:: About this exercise ::
Your task is to reproduce the listing exactly, without its images.

:: Provided data ::

---------------

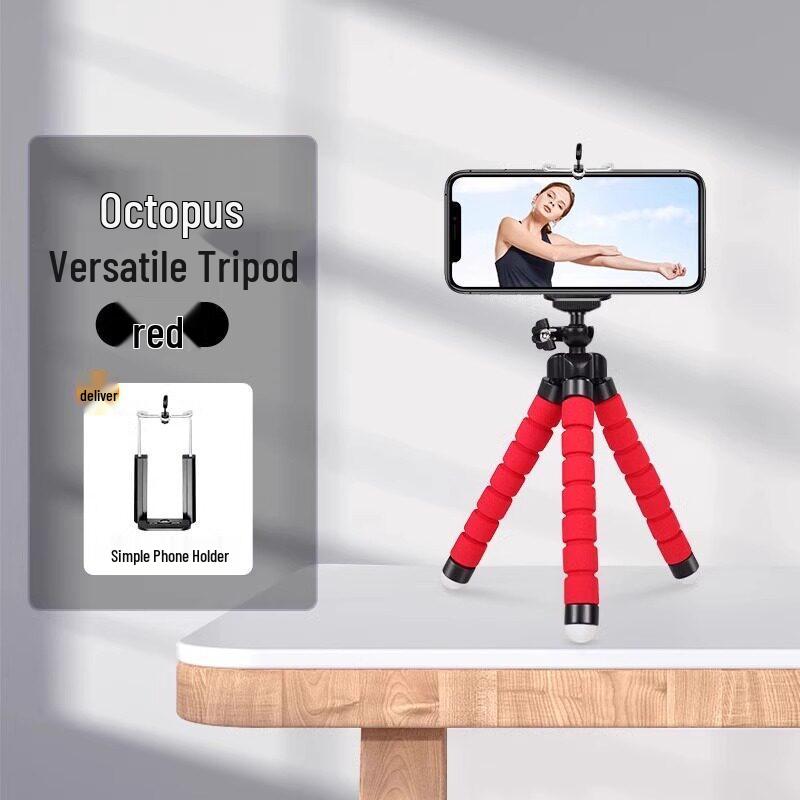 Dual-Sided Teleprompter & Phone Stand: Handheld Video Recorder, Script Reader & Selfie Stick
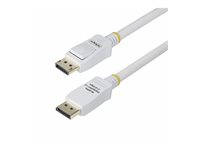 StarTech.com 10ft White VESA Certified DisplayPort 1.2 Cable with Latches - DisplayPort-kabel - DisplayPort (hane) spärrad till DisplayPort (hane) spärrad - DisplayPort 1.2 - 3 m - 4K60Hz stöd, 2K144Hz stöd, 1080p stöd 240 Hz, halogenfri, passiv - vit DP12-CABLE-10FTW
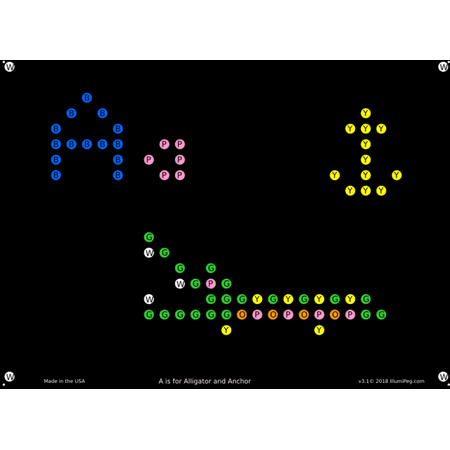 Alphabet Letters, Lite Brite Refills, 12-Pack - Not Compatible with Light Brite Ultimate Classic
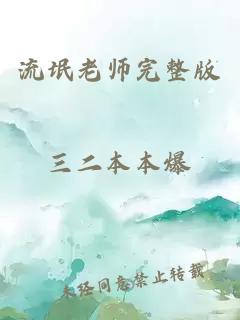 流氓老师完整版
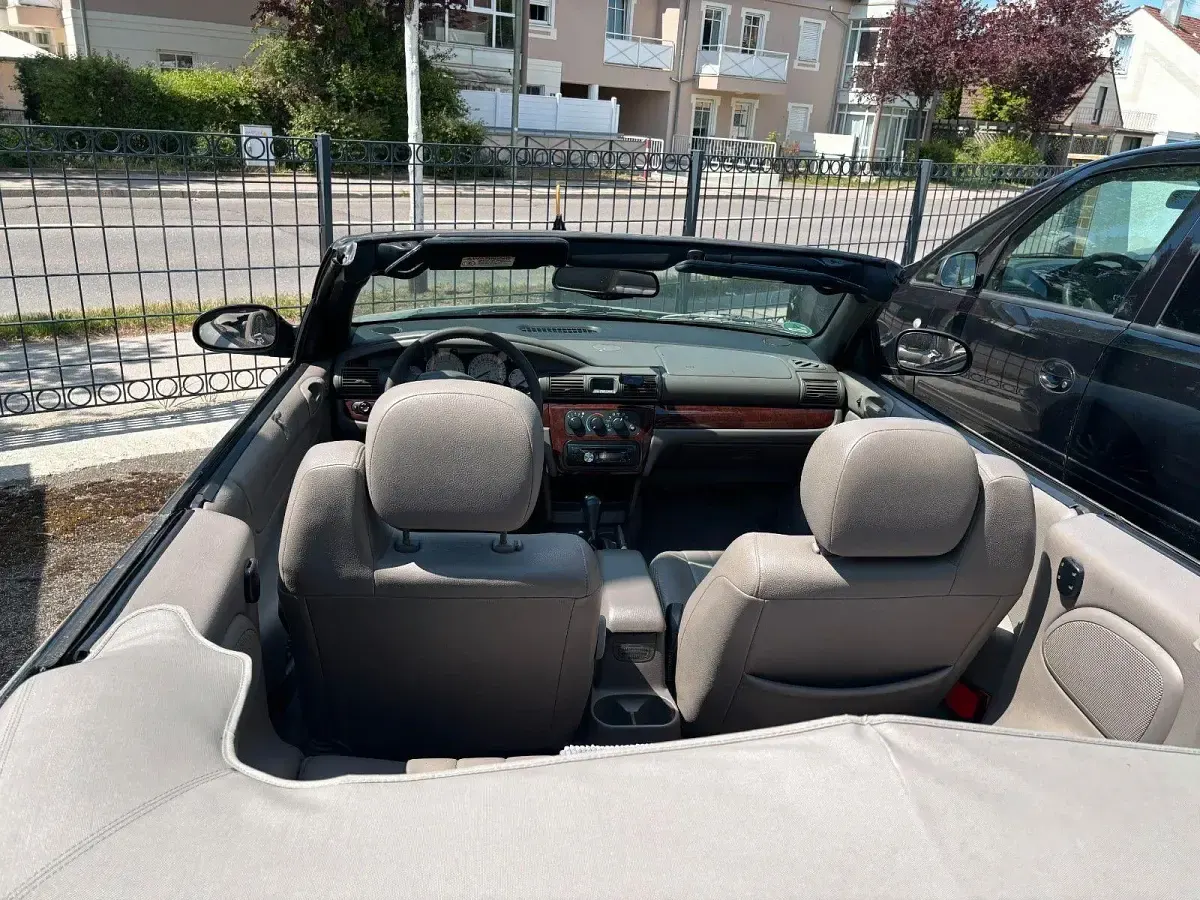Gebraucht Chrysler Sebring Cabriolet 203 PS (149 kW) 2003 Silber Cabrio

---------------

:: Task solution ::
 Dual-Sided Teleprompter & Phone Stand: Handheld Video Recorder, Script Reader & Selfie Stick
 StarTech.com 10ft White VESA Certified DisplayPort 1.2 Cable with Latches - DisplayPort-kabel - DisplayPort (hane) spärrad till DisplayPort (hane) spärrad - DisplayPort 1.2 - 3 m - 4K60Hz stöd, 2K144Hz stöd, 1080p stöd 240 Hz, halogenfri, passiv - vit DP12-CABLE-10FTW
 Alphabet Letters, Lite Brite Refills, 12-Pack - Not Compatible with Light Brite Ultimate Classic
 流氓老师完整版
Gebraucht Chrysler Sebring Cabriolet 203 PS (149 kW) 2003 Silber Cabrio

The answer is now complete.